Model Overview dolly-v2-12b is a 12 billion parameter causal language model created by Databricks that is derived from EleutherAI’s Pythia-12b and fine-tuned on a ~15K record instruction corpus generated by Databricks employees and released under a permissive license (CC-BY-SA)
Performance Limitations dolly-v2-12b is not a state-of-the-art generative language model and, though quantitative benchmarking is ongoing, is not designed to perform competitively with more modern model architectures or models subject to larger pretraining corpuses.
The Dolly model family is under active development, and so any list of shortcomings is unlikely to be exhaustive, but we include known limitations and misfires here as a means to document and share our preliminary findings with the community. In particular, dolly-v2-12b struggles with: syntactically complex prompts, programming problems, mathematical operations, factual errors, dates and times, open-ended question answering, hallucination, enumerating lists of specific length, stylistic mimicry, having a sense of humor, etc.
Dataset Limitations Like all language models, dolly-v2-12b reflects the content and limitations of its training corpuses.
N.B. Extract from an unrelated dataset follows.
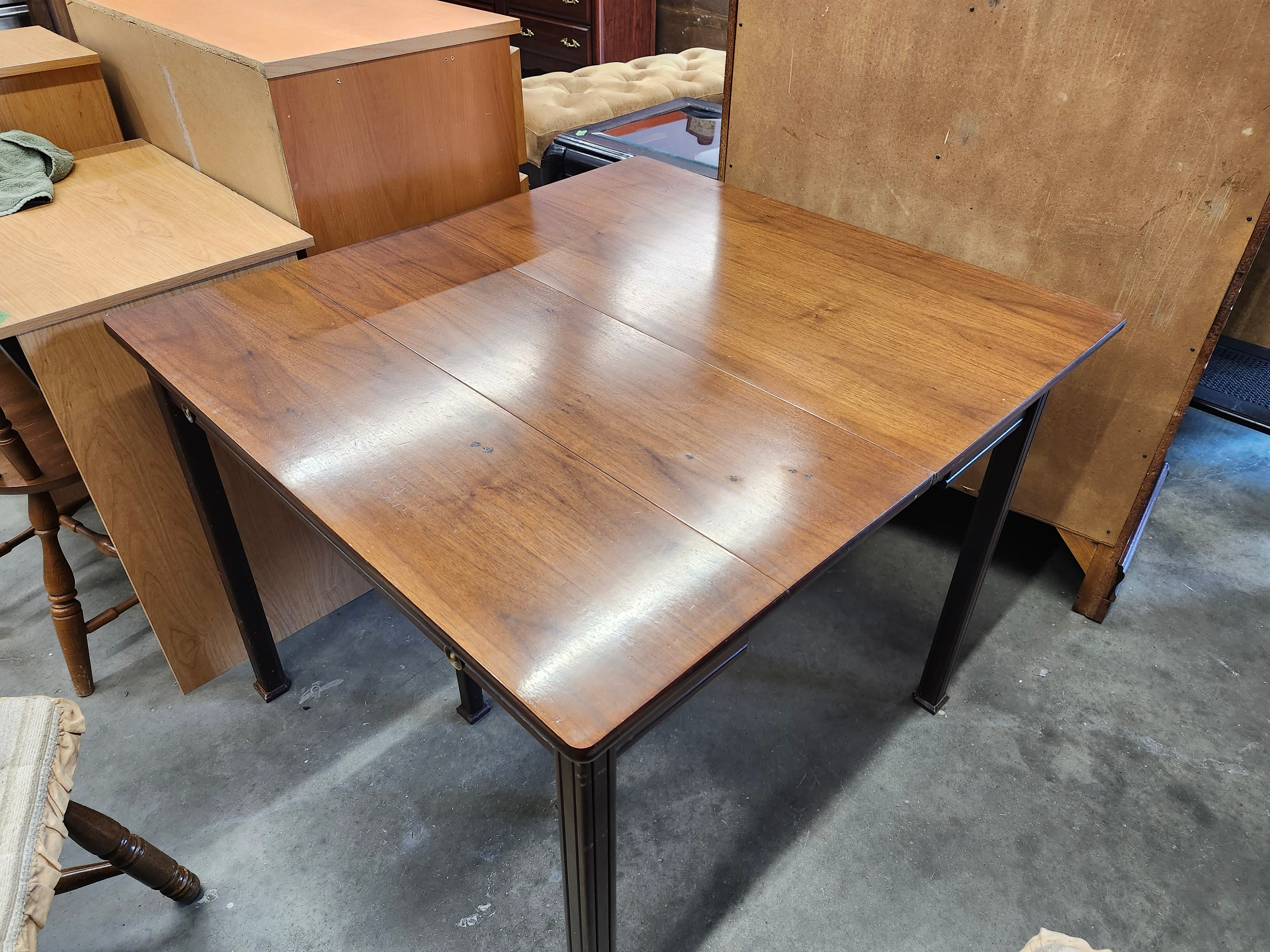 Drop leaf table & x2 chairs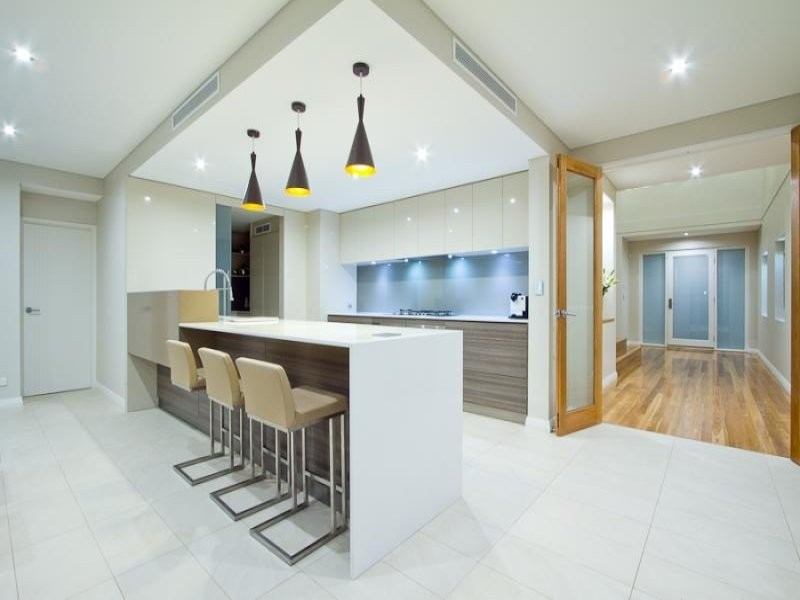 16 Hydaspe Vista, North Coogee WA 6163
The Pile: GPT-J’s pre-training corpus contains content mostly collected from the public internet, and like most web-scale datasets, it contains content many users would find objectionable. As such, the model is likely to reflect these shortcomings, potentially overtly in the case it is explicitly asked to produce objectionable content, and sometimes subtly, as in the case of biased or harmful implicit associations.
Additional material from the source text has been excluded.